HomeNewsLocal leader struggling to get help in fighting fraud

Local leader struggling to get help in fighting fraud

Juanita Jones has been working in Jackson for more than a decade, serving as the founder and director of the non-profit Keep My Hood Good.

The organization’s objective is to give children something to do after school and in the summer that would hopefully keep them off the streets and give them a sense of belonging.

She was elected to the Madison County Commission last summer, replacing the seat that had been held for years by Katie Brantley.

She lives in East Jackson, and in the last three years, she’s become the victim of home renovation contractor fraud who require upfront payment for work to be done on her home but didn’t complete the job.

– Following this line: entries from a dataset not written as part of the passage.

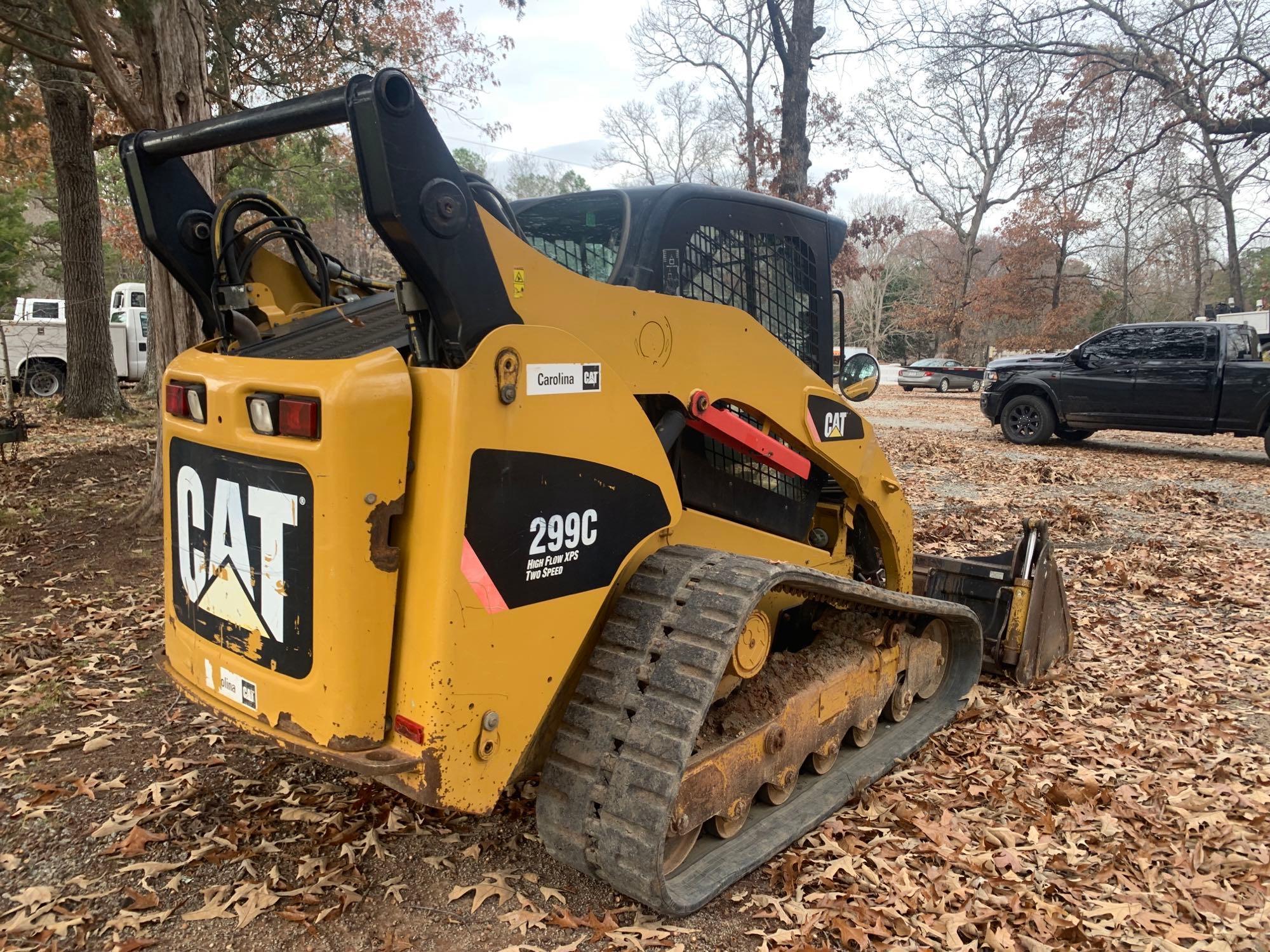 2012 CATERPILLAR 299C HIGH FLOW CRAWLER SKID STEER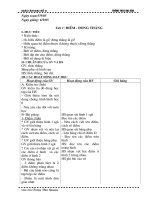 Giáo án Hình học 6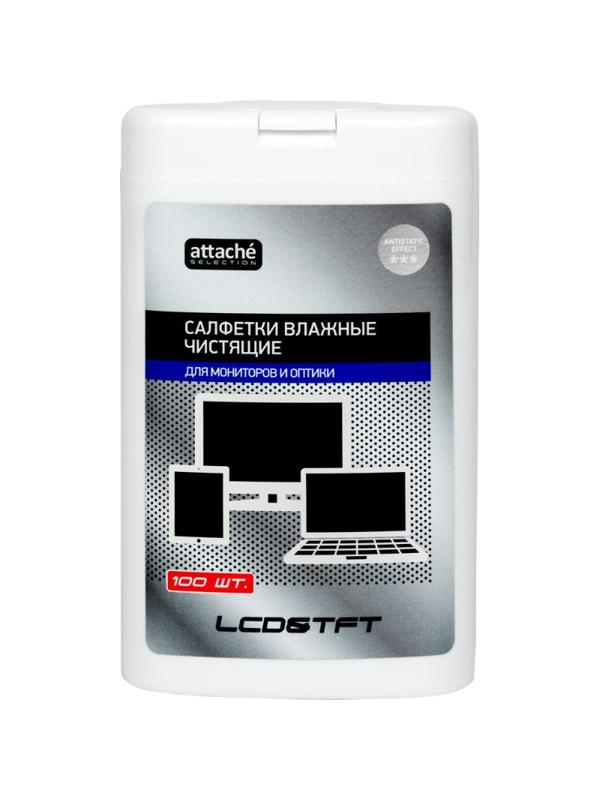 Салфетки Attache Selection д/экранов, малая туба, 100 шт, 90х115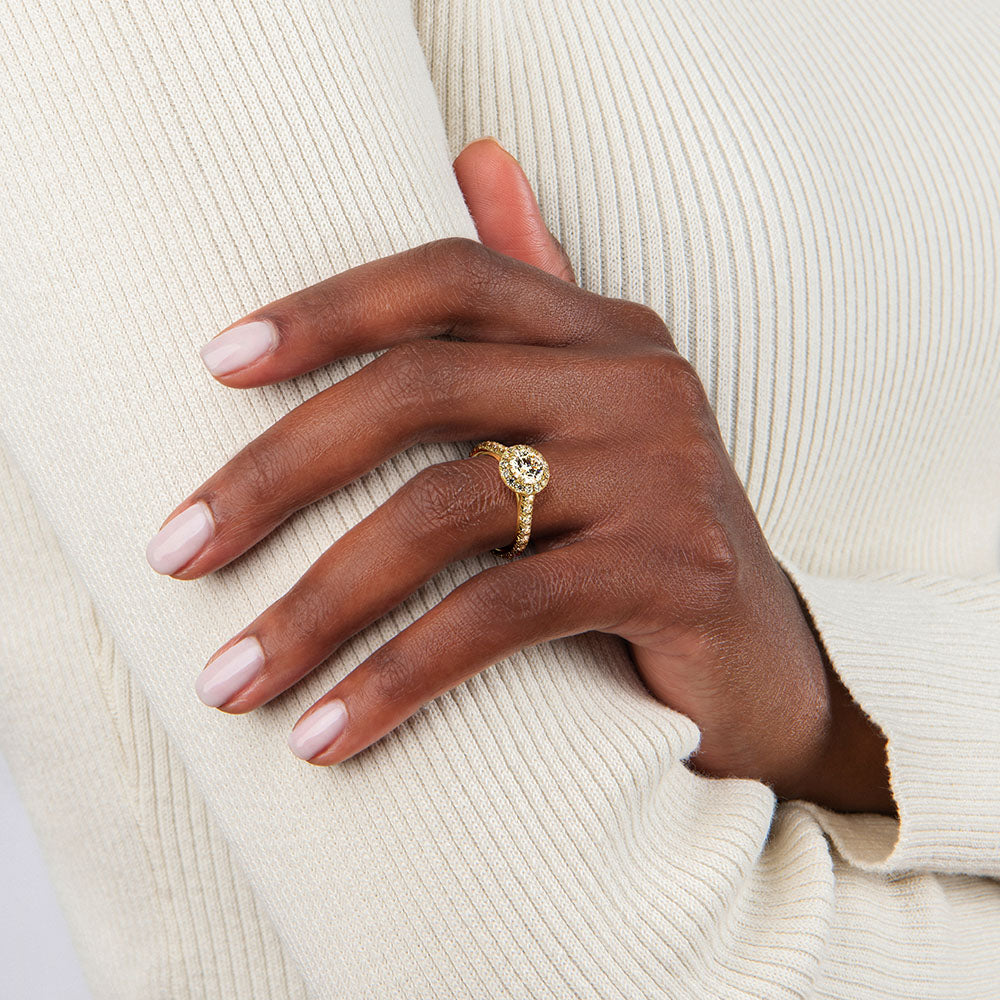 Luxe Sienna Halo Diamond Engagement Ring [Setting Only] - EC100 - Roselle Jewelry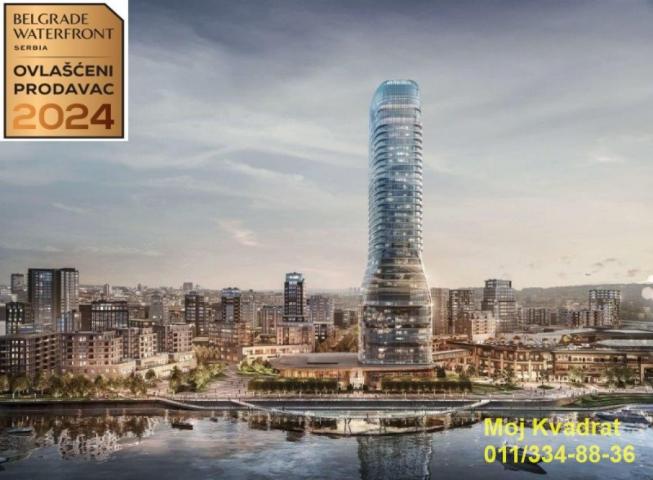 Beograd na vodi - BW St. Regis Residences (Kula Beograd), 87m2 - USKORO USELJIV - BEZ PROVIZIJE ZA K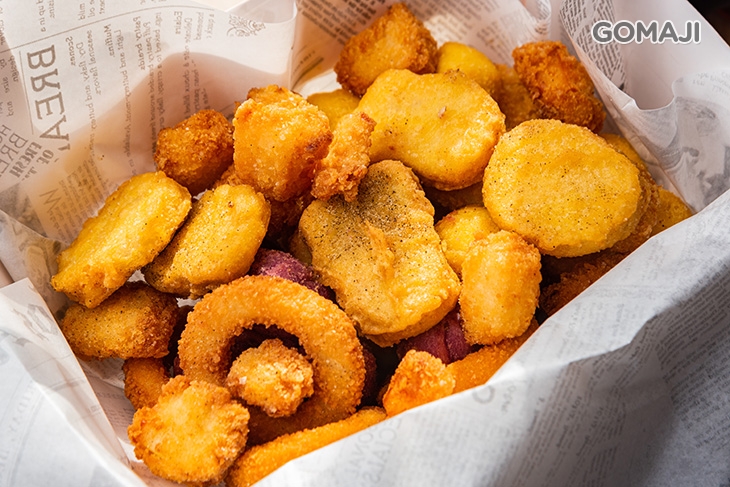 超值配餐組 E.任選三種45元點心+大瓶飲料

And her efforts to get her money back or get justice for the wrongdoings have been fruitless so far.

“It’s frustrating because there are people out here scamming others, and there’s a lot of work that has to be done to bring these people to justice and either get the money back since they did a little work which was less than 10 percent of the renovation or hold them accountable for their actions,” Jones said. “And I’m at a point where I don’t know what else to do.”

Jones’ problems started in the fall of 2020 when she got estimates from three contractors to renovate her home from a one-story, two-bedroom home to three bedrooms on two levels.

According to Jones, she chose a contractor named Jacob Smith with Hub City Renovations to do the work for a total of $40,000 – $15,000 in materials and $25,000 in labor – with a completion date set of March of 2021.

“On Dec. 28 of that year, I’d written checks to Jacob that brought the total I’d paid out to that point to $24,110 in labor and $13,287.79 in materials,” Jones said. “And on that day, Dec. 28, he called and told me that he’d had a friend install a gas line, and I needed to pay $950 to Jason Wilson from BTY Heating and Air.”

Except there were some problems.

“There’s never been a trace of any kind of gas line being put anywhere in my house or on my property,” Jones said. “There was never any dirt turned over and other contractors have been in my house since then and haven’t been able to find a gas line that looks like it was installed that recent.”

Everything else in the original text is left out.